Как Третьяковский был вечным тружеником, так белоросс — вечный батрак. Ни в числе идущих переселенцев, ни в числе осевших я не видал белороссов. Белоросс уходит одиноким и из батраков никогда не выбивается. Мы с Исаком разговорились. Оказалось, он таки повидал свет и очень этим гордился. Он был и под Херсоном, и во Владимирской губернии, в Закавказье на Дону, в Риге и в Семипалатинске. Везде он был в батраках. Самое лучшее воспоминание он сохранил о херсонских хохлах, потому что «хохлы вот как богаты: воды пить не дают; пей молоко!» В Семипалатинске при нем «церковь начали строить». В Риге будто-бы есть дом «в одиннадцать этажей, один на одном». В Владимирской губернии «не очень хорошо: все вишня да вишня, а груши привозятся издалека и дороги». В Троицке Исак, рубя курам мясо и не брезгая съедать сам лучшие кусочки, додумался до того, откуда у человека берется сила, и видимо мечтает отправиться домой и там поражать рассказами о виденном. Для этого он готов пожертвовать скопленными тридцатью рублями. Кроме рассказов, он хочет удивить еще и своим русским языком, который кое-как усвоил.
Урал
He без волнения готовился я увидеть Урал, этот старейший из горных кряжей мира. Я знал, что он стар как свет, но все же не ожидал встретить такого дряхлого старца. Он так стар, что даже и не величествен. Ледники, которые когда-то ползли с него, понизили его, по рассчетам геологов, на триста саженей. Все, что было с него снесено, засыпало долины и ущелья, сравняло пропасти, завалило озера и разнесло на восток и запад на полтораста верст в каждую сторону. Груды мусора и песку давным давно заросли землей, где глиною, где черноземом. Выветрившиеся горы покрыты лесами. Реки, текущие с гор, не обильны водой, потому что питаются только дождями, и мутны, потому что текут не по камням, а по глине или чернозему. Ущелья превратились в широкие, плоские долины, а потопленные в них горы видны только одними макушками и представляются простыми холмами. Весь Урал, за исключением самой его сердцевины — земледельческая страна, но Урал все же делает свое дело, и чем дальше от Троицка, тем больше лесов, больше воды, небо становится бледней, солнце не так ослепительно и жарко, воздух влажней и прохладней. Я пристально наблюдал этот переход, ожидая увидеть Урал, который долго не хотел показываться.

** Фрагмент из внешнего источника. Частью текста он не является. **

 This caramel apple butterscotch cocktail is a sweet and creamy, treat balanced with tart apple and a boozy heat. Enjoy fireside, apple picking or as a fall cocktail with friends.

Сначала от Троицка, верст на двадцать, тянется, ничем не возмущенная черноземная степь. Изредка виднеются рощи берез, которые издали представляются помещичьими садами. Подъезжая, так и ждешь, что деревья расступятся, покажется фигурный деревянный забор, а за ним помещичий дом. По двору из прачетной бежит с накрахмаленными юбками на плече горничная, в платье с талией и в ботинках. Она остановится и посмотрит на проезжающего. Покосится на него и барин, в парусинном пиджаке, вышедший посмотреть, как подковывают лошадей для завтрашней поездки в город. А в доме в это время поздно вставшие барышни завтракают цивилизованно: утираясь салфетками, кушая вилками, соль берут не руками, за едой не рыгают, отца зовут не тятенькой, папашей. А на столе лежит газета, может быть, две; может быть, журнал... Так разыгрывается фантазия, утомленная едой без вилок и салфеток и единственным печатным листом, собственным паспортом. Но фантазия разыгрывается напрасно. Роща приближается, роща остается позади, — и в ней никого, кроме гурта волов, который зверообразные киргизы гонят из Акмоллов в Златоуст.